### Task instructions
From the first line to the last, repeat the data exactly and drop the pictures.

### Provided data
····················
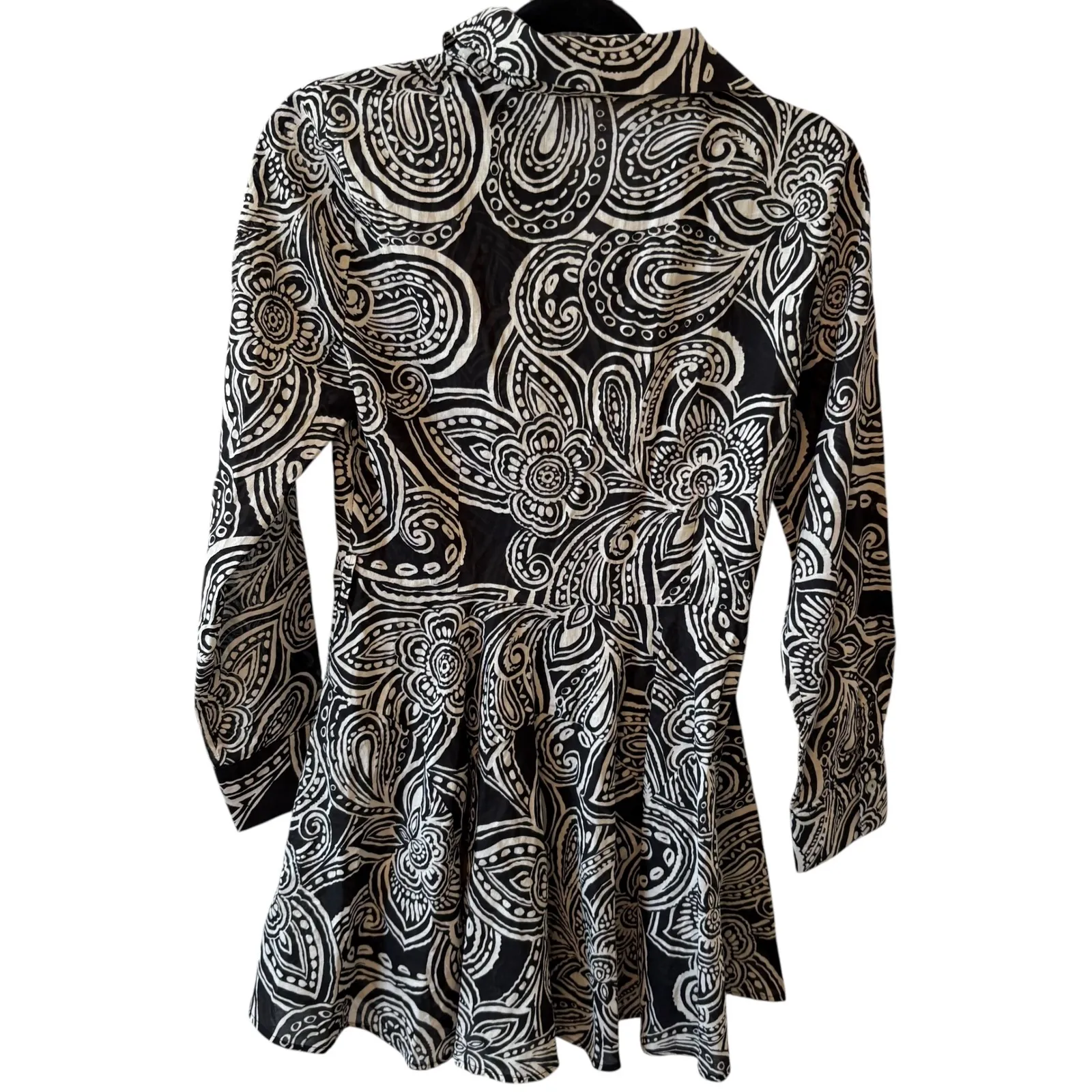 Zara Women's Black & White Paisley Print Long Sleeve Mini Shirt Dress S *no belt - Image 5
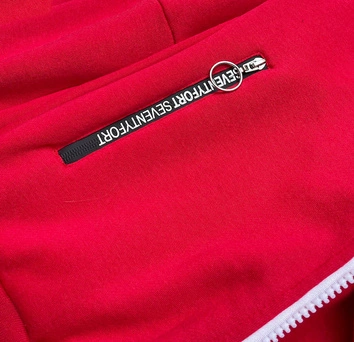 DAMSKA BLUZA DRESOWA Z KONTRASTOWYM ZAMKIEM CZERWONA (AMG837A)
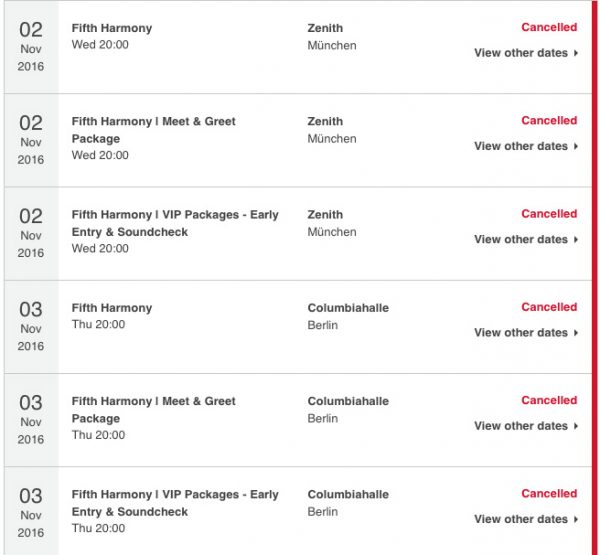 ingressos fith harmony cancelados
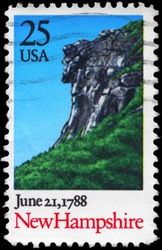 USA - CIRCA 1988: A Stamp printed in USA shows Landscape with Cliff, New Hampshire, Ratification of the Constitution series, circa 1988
····················
### Reply to the exercise
 Zara Women's Black & White Paisley Print Long Sleeve Mini Shirt Dress S *no belt - Image 5
 DAMSKA BLUZA DRESOWA Z KONTRASTOWYM ZAMKIEM CZERWONA (AMG837A)
 ingressos fith harmony cancelados
 USA - CIRCA 1988: A Stamp printed in USA shows Landscape with Cliff, New Hampshire, Ratification of the Constitution series, circa 1988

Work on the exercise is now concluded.